Well since I was once a spelunker no way they could with out scuba gear on both caves where full of water. By the way have you ever been in Bridle cave which is here at the Lake of the Ozarks?? If not you should go see it. I was with the ones who found the extra passage ways and carrying scuba tanks back and up and over was not a fun day. There is also another cave I have been in but it is a wild cave. Spent a whole week end under ground in it. Went in on a Friday and came out on Sunday. When we went in it was a cool winter day and no snow but when we came out there was 4 inches of snow on the ground
 
Last place we lived the field next door a farmer would spread his liquid manure. A few days after spreading the nitrates in water would spike. Only thing water people would do is tell water supply folks to drill a new DEEP well and put in lots of chemicals to clean up water before it was used.
It seems they couldn't figure out the manure was contaminating the water supply.
 
Or area they are doing better testing and they are finding arsenic put my dad drank it all his life and lived to be 100 I'm not trusting on the test
 
(quoted from post at 05:08:17 10/20/14) I was really surprised in the post about the shallow well how bad the water is in many places, in my area springs have great water I have several on the farm and pure clean water can be hit around 300ft drilling a well.Is water bad in most places?

depends on who is saying it's bad....
most of us here are old, so hand dug, stacked stone shallow wells, in later years drilled down the middle are normal things.
(Hey Dad, the water stinks. Dad, critter must have got in the well and drowned, go get it out...)

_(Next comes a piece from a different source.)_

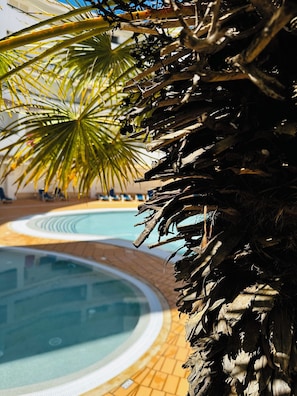 Outdoor pool - Bella Vita apartment in Porches with sea views in the Algarve (Porches)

Buying or selling a house would State mandate a filter and chlorinator....which would be promptly dis-connected.....
Springs are/were always good, but I have noticed lately they are all labeled 'not for human consumption' now.(pretty funny...I know that pollution here used to be much worse back when it was ok and common to fill jugs at the springs)
Nope, I don't live in pristine wilderness.
Actually, I think we used to have the highest density of chemical plants in the world in this area.
Who cares, we drank it, we lived. I never get sick, bugs won't come near me, I'd probably catch fire if a match got too close :D
 
In my neighborhood here in northwest Iowa good water in large enough quantities to support livestock is at 300 feet and it's pretty good quality water to boot. The well on my farm is 150, is moderately hard and has never run dry but I wouldn't trust it to support much livestock. A mile and a half north of me they have a gravel vein that has all the water they want at 150 feet and its artesian. They have to cap the wells or water will run out the top.
 
Can hardly believe that 400'. Normal well around here is 75 to 150' with the deep ones to 250'.Mine is 106 ' and older than I am at 71. Years ago at great grandparantes place approximatly 15 mile away use a sand point on pipe and sledge hammer, if it quit pull pipe and drive someplace else. Across the road now is played out gravel pit.